Billy Carver's title also recalls something even more famous than an Alan Ayckbourn play (though I admit I didn't realize it until the play began). The protagonist of Mendez's play is a writer named Joannie Roman Redd, and she is the very wealthy, very successful author of a string of books about a boy named Billy Carver and his many exciting adventures. (Billy Carver = Harry Potter, in case I'm being too subtle.) Billy is a werewolf, it seems; and there's a lot of wolf imagery in the play, which revolves around Joannie and the "pack" surrounding her, a colorful bunch that includes:
- May, her sister, who lives in Joannie's shadow and perhaps likes doing so too much
- Tristan, Joannie's effete personal assistant
- William, Joannie's ex-husband, also a writer
- Christopher, Joannie's fiance, the best midfielder in England
- Priscilla Margot Saunders, a former child movie star now floundering in stage work; an old chum of Joannie's
- Rick, a young man who sneaks into Joannie's house who is somewhat obsessed with the Billy Carver books
Mendez's first act, which reminded me of a Kaufman & Hart screwball comedy more than of an Ayckbourn comedy of manners, introduces us to all of these intriguing people and sets up oodles of situations and relationships amongst them. Joannie, reeling from a bad review, is thinking of killing Billy Carver off in her next book. William wants to write the screenplay for a planned film version of Billy Carver (he has a first draft with him, as a matter of fact, even though Joannie isn't sure at first that she wants to have the film made). Tristan reports that he saw Christopher at a pub last night with his (Christopher's) ex-wife. May wants a man. Priscilla wants to play Virginia Woolf in the Billy Carver film (I'll leave it you to discover how the famous novelist found her way into the Billy Carver books). Priscilla dredges up a naughty secret from her past involving Joannie. Joannie isn't sure if she should marry Christopher, or get back together with William. Rick, an actor, wants to play Billy Carver in the movies. And he has a wild plan to try to make that happen, one that results in a wild first act curtain that leaves one unable to contemplate for a moment not hurrying back to find out how the playwright plans to tie up all of these loose ends.

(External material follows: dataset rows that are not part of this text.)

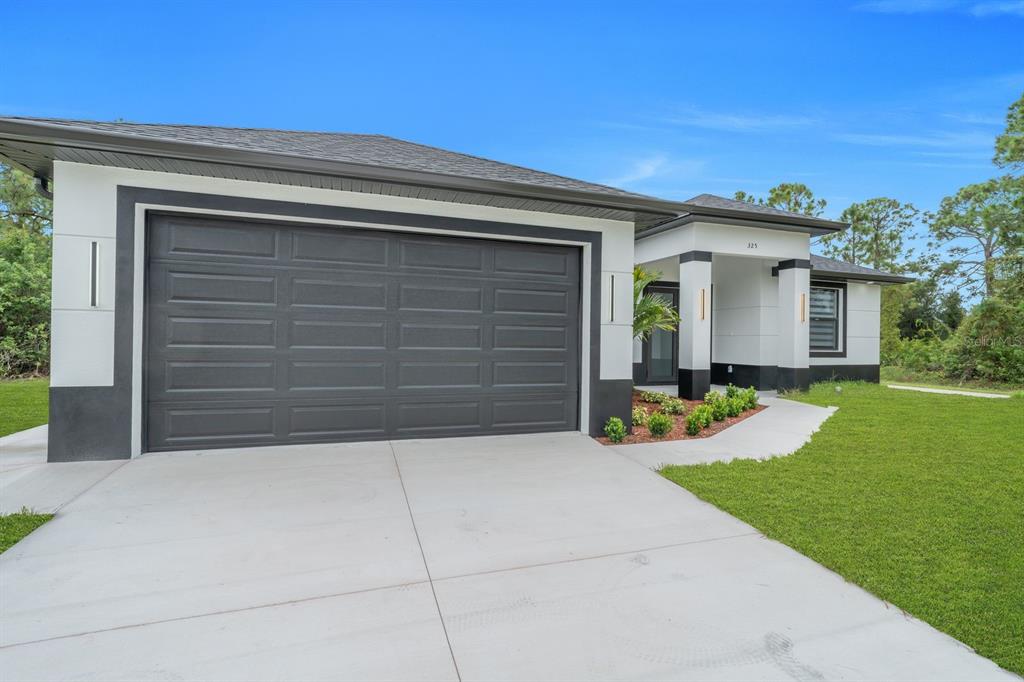 325 LERUTH AVENUE, LEHIGH ACRES, FL — photo 4 of 30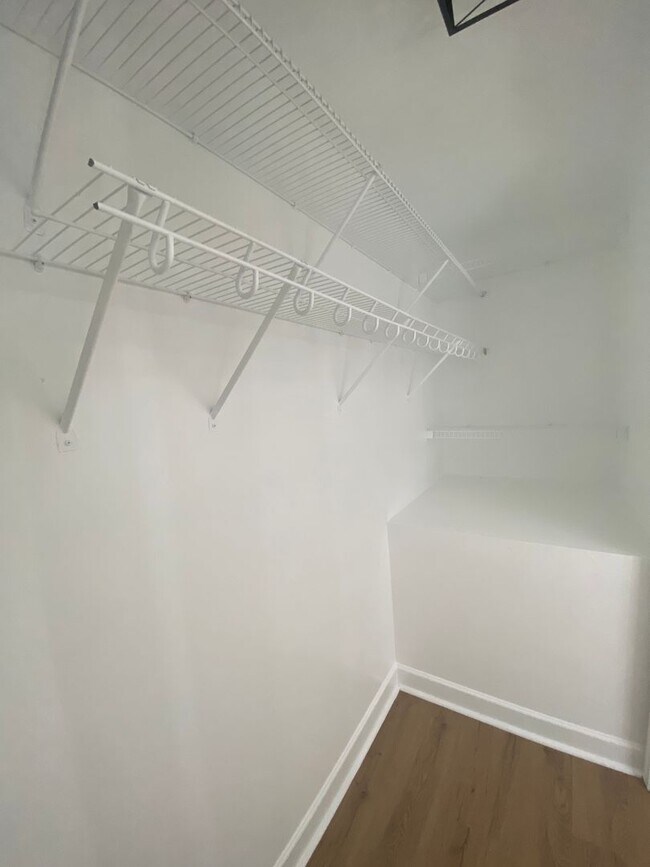 Building Photo - 2 bedrooms - 2 1/2 bath townhome - newly remodeled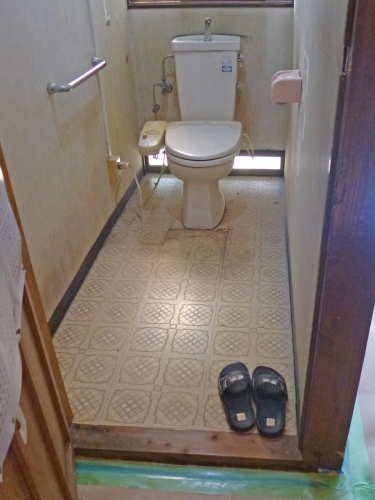 toilet002_02-before.jpg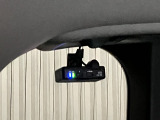 【リアドライブレコーダー】後方からのあおり運転や、万が一の事故にあった場合でも、ドライブレコーダーがその瞬間の映像を記録しています!事故だけでなく、楽しいお出かけの風景なども録画してくれています。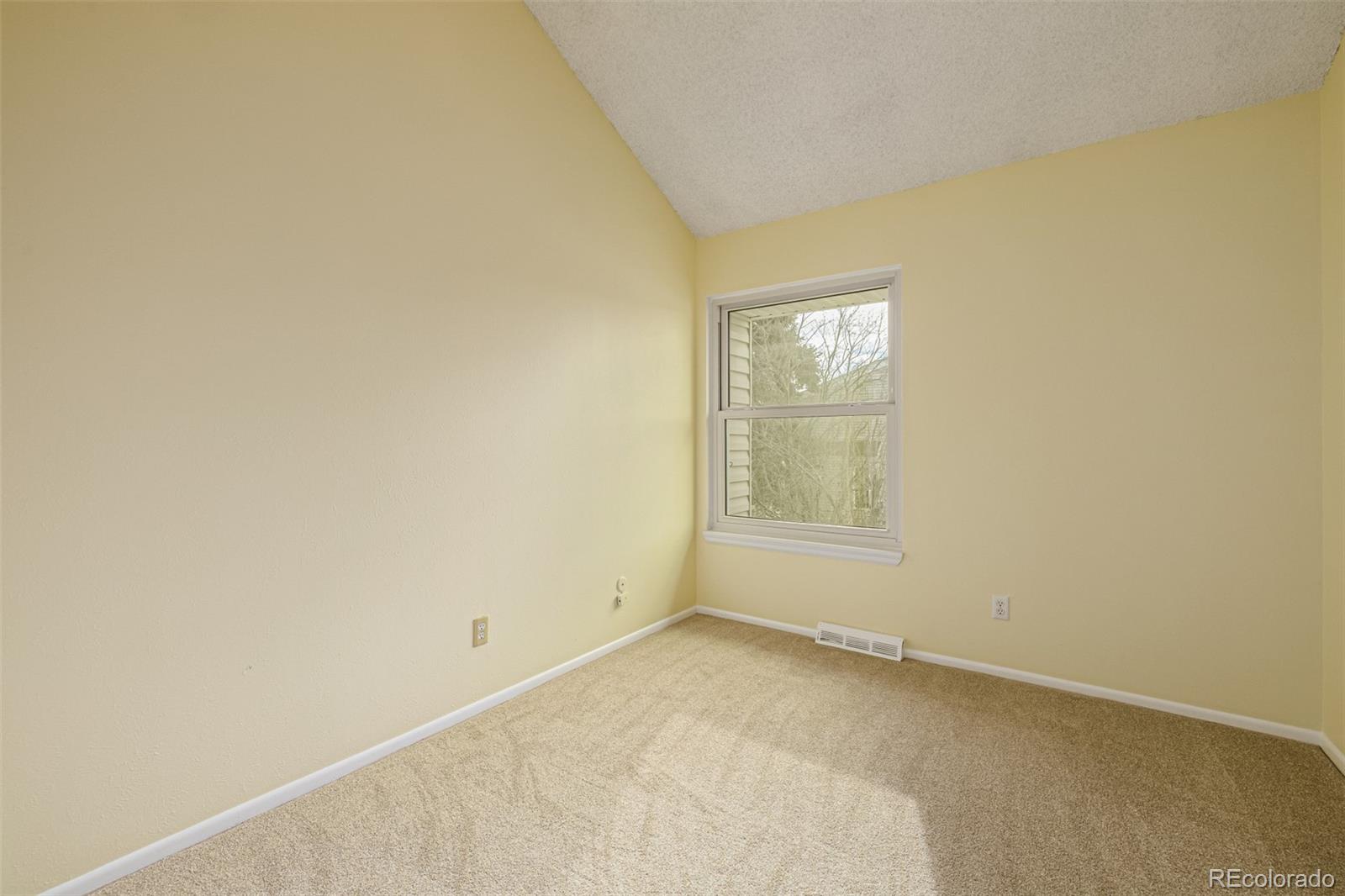 4233 E Maplewood Way Centennial CO 80121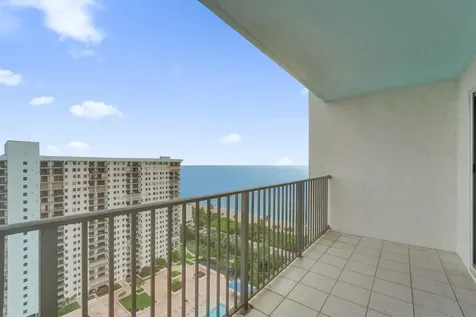 1201 S Ocean Drive Hollywood FL 33019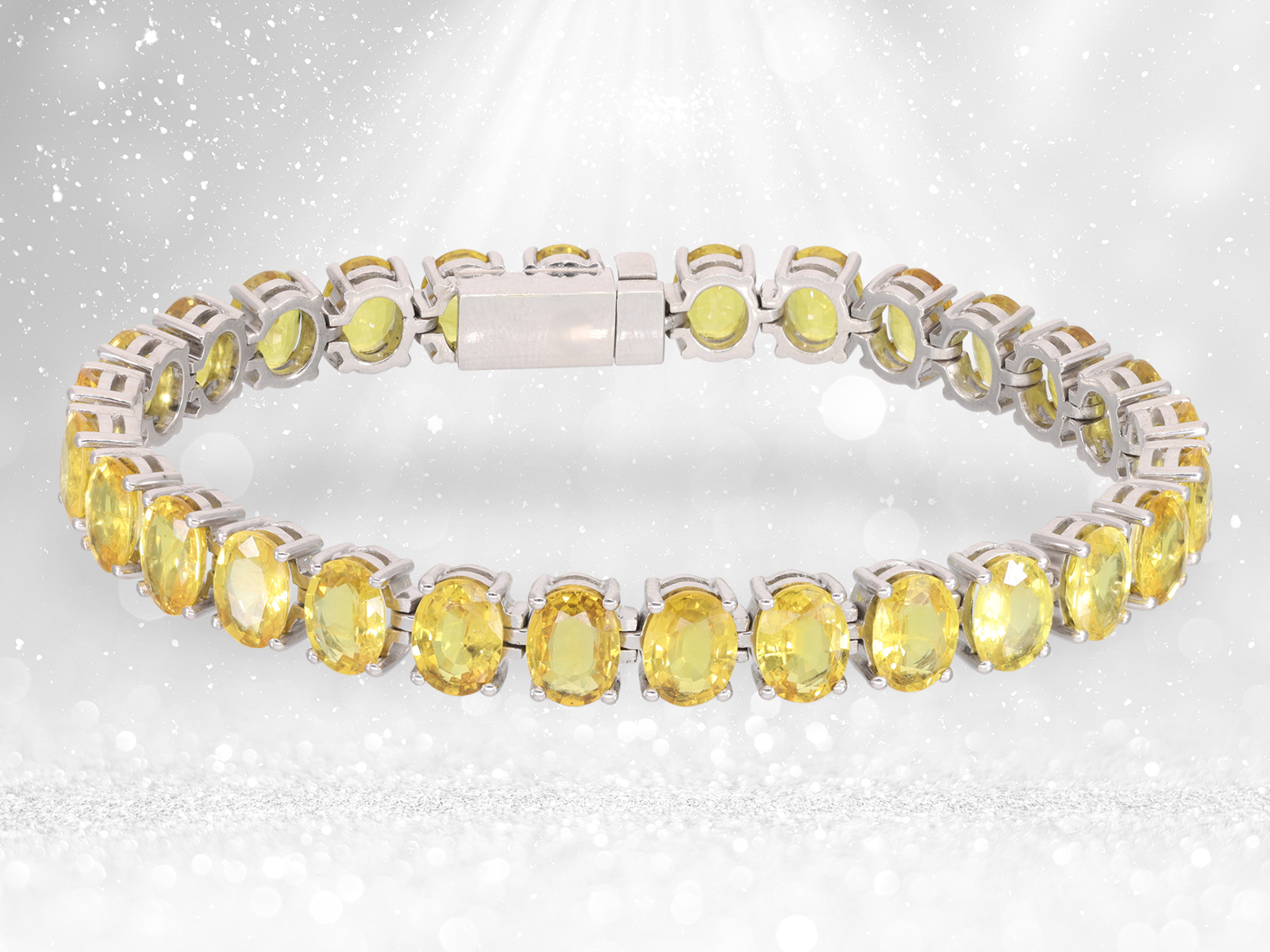 Modern 18K goldsmith's bracelet with yellow sapphires totalling approx. 42ct, valuable handwork by S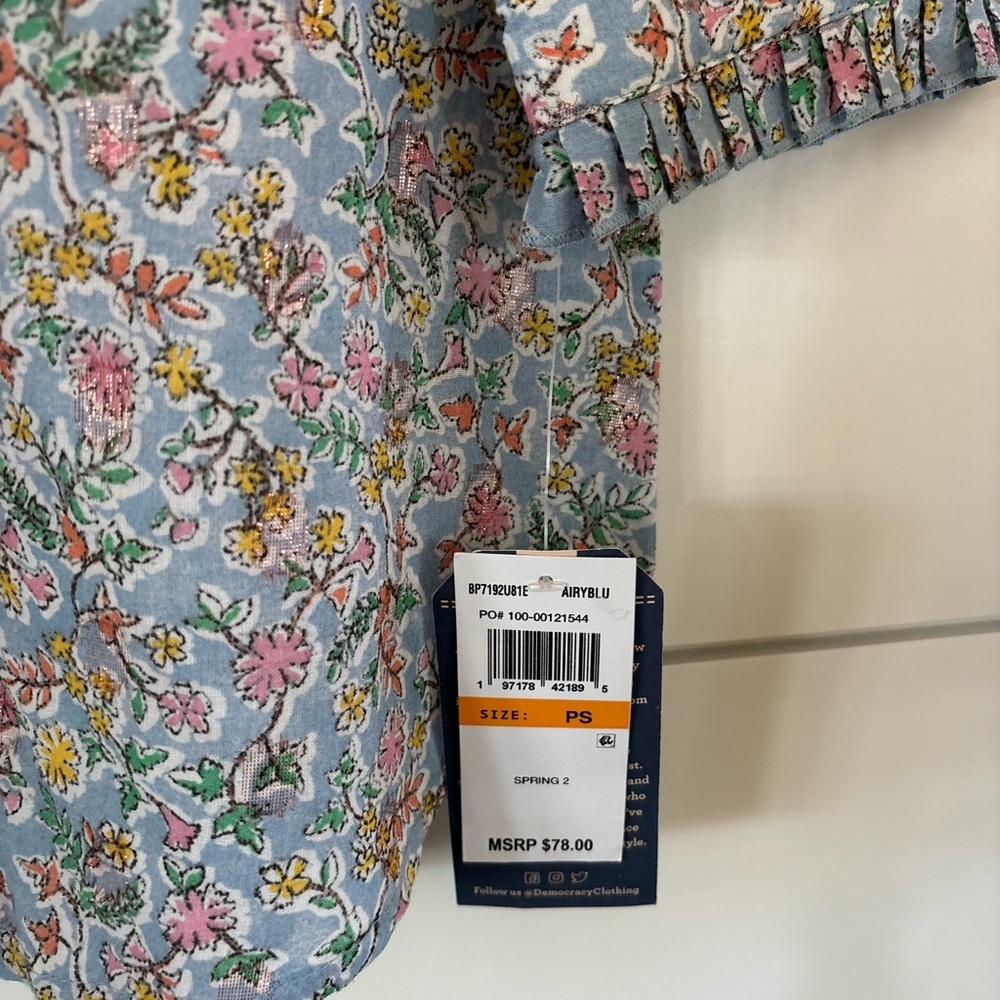 Democracy Multicolor Floral Blouse NWT - Picture 2 of 4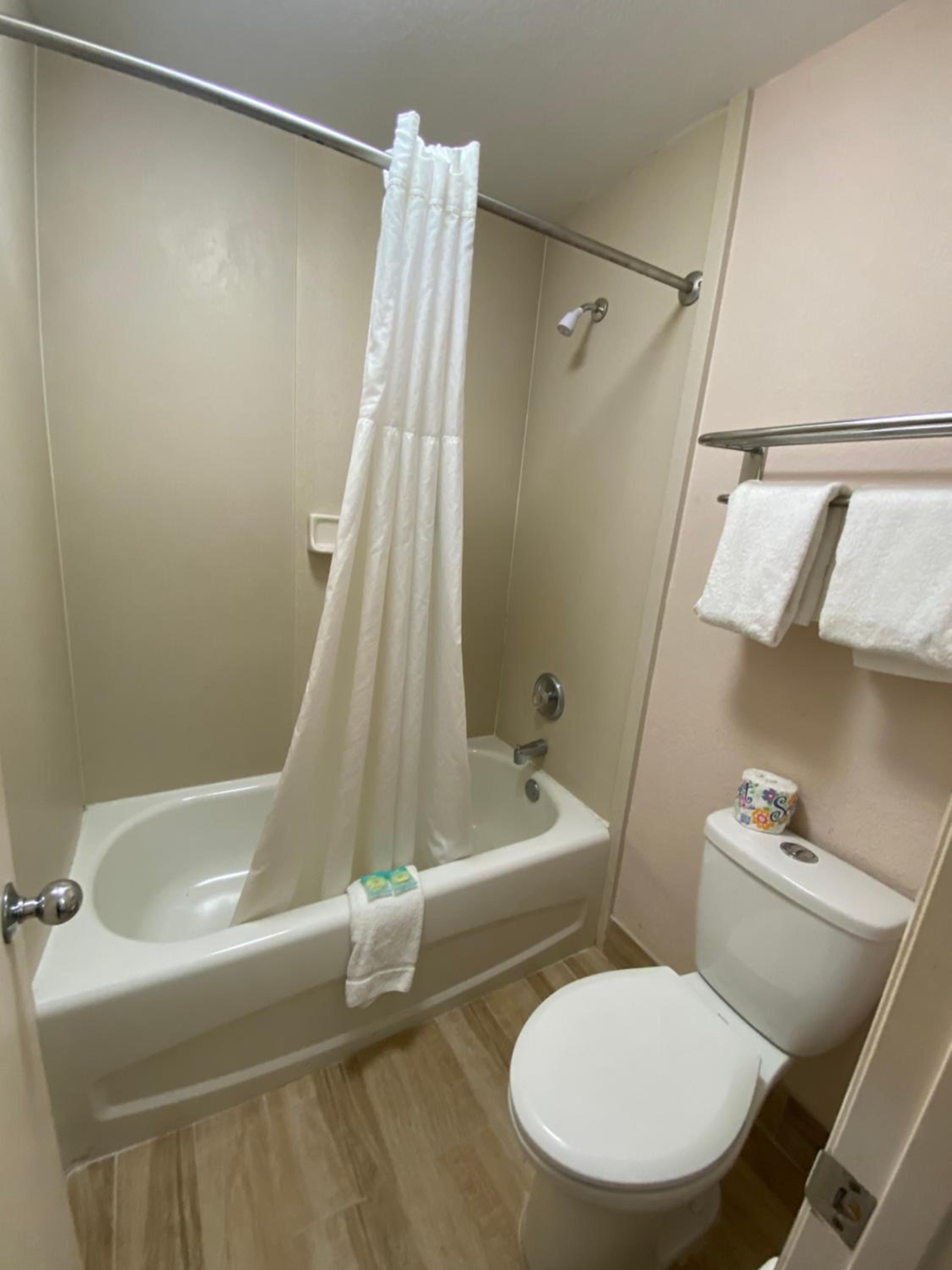 REGENCY INN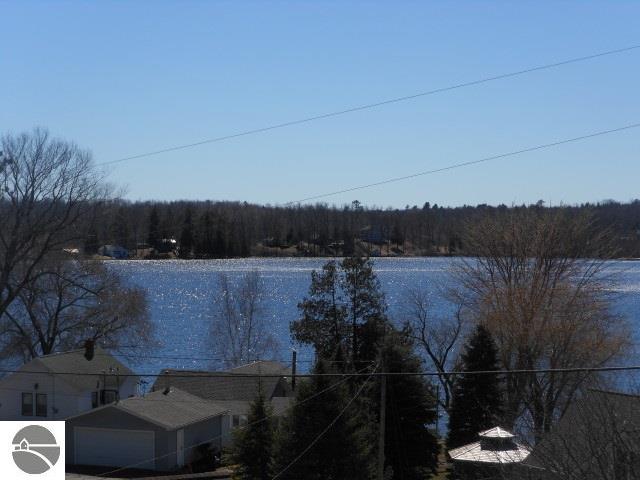 897 Richland Ave, Lupton, MI 48635 photo 3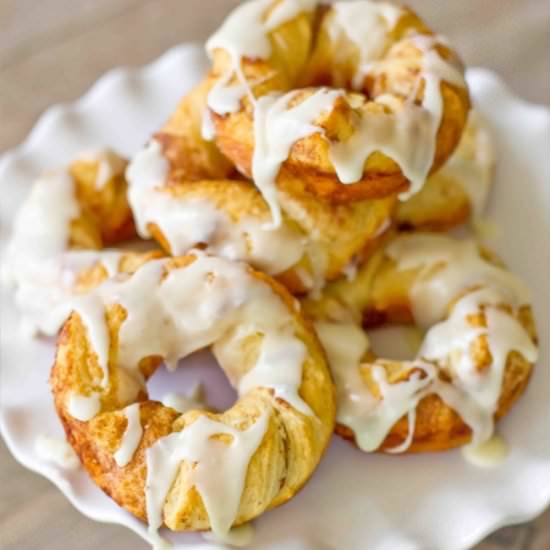 Cinnamon Roll Doughnuts - Recipe photo by sweetcsdesigns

To his great credit, Mendez does tie them together; the second act is more introspective than the first, and consequently more reminiscent of the ambiguously melancholic conclusion of a play like, well, Woman in Mind. Nonetheless, the play throughout is very funny, its humor rooted in situation, character, and wordplay in equal parts.
The production is probably the most lavish and beautifully realized I've yet seen at Manhattan Theatre Source, whose intimate space can be problematic for some directors and designers. Mendez serves in both capacities here, and the results are stunning: he creates a beautifully appointed English townhouse that feels authentic and lush, brimming with delightful details such as a pattern on the floor tiling that matches the paneling on the bar. Jenny Green's costumes are also lovely: Priscilla wears a succession of over-the-top outfits that remind us of Absolutely Fabulous, while May spends the first act in perfectly coordinated dress and sandals. These elements along with the play's overall literary theme and style make Billy Carver feel like a rare visitor from a long-gone theatrical era; yet it's a brand-new piece, written almost literally overnight, which is why Montserrat Mendez is a young theatre artist to keep a particular eye on.
The cast of seven is exemplary, too, especially Lauren Roth, who has the showiest role of spoiled movie star Priscilla Saunders: she's perfect as the monstre sacre, whether tottering on her high heels unsteadily after too many cocktails or seducing one or another of the guests in Joannie's house. Stuart Williams as Tristan gets some fun moments in the second act, revealing a lifelong dream that I certainly didn't see coming. Aimee Whelan and Jenny D. Green are fine as May and Joannie, while Nathan Willis and Armistead Johnson are both convincing as Joannie's suitors, William and Christopher, respectively. Monroe Robertson rounds out the ensemble as Rick, the one role that feels underwritten; he's charming nevertheless.
Billy Carver and The Children in Mind is a glimmer of wit and glamour in a season that's usually populated by outdoor Shakespeare and stripped-down theatre festivals. I had a great time seeing it.